The program itself specifies a number of search/replace string pairs (rules), consisting of two strings; however, in each search/replace pair, the search string and its replacement must be the same length, and identical apart from the last character. (So for example, "abc"→"abd" would be a valid replacement, but "axc"→"abc" would not be.) Additionally, a search string may not be a (contiguous) substring of another search string, and may not consist entirely of 0 (except in the degenerate case where the replacement equals the search string).

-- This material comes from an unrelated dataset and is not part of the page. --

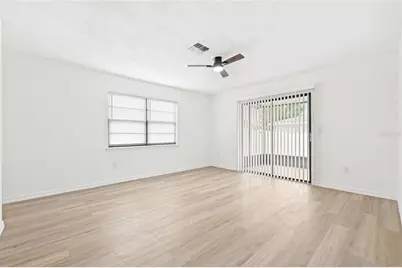 12801 Kellywood Circle, Hudson, FL 34669 - Photo 6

To run the program, the implementation identifies all occurrences of search strings in the state string, and simultaneously replaces them all with the corresponding replacement string (as only one character is actually replaced in each case, and it's a different character for each such replacement, it's possible to apply all the replacements simultaneously without any ambiguity or confusion). Then it appends a 0 character to the end of the state string, and repeats this process indefinitely or until the state string contains a $ character.

If at any point there is exactly one $ character in the state string, the program halts. If there is ever more than one $ character in the state string, this is undefined behaviour (although halting the program would be a reasonable response).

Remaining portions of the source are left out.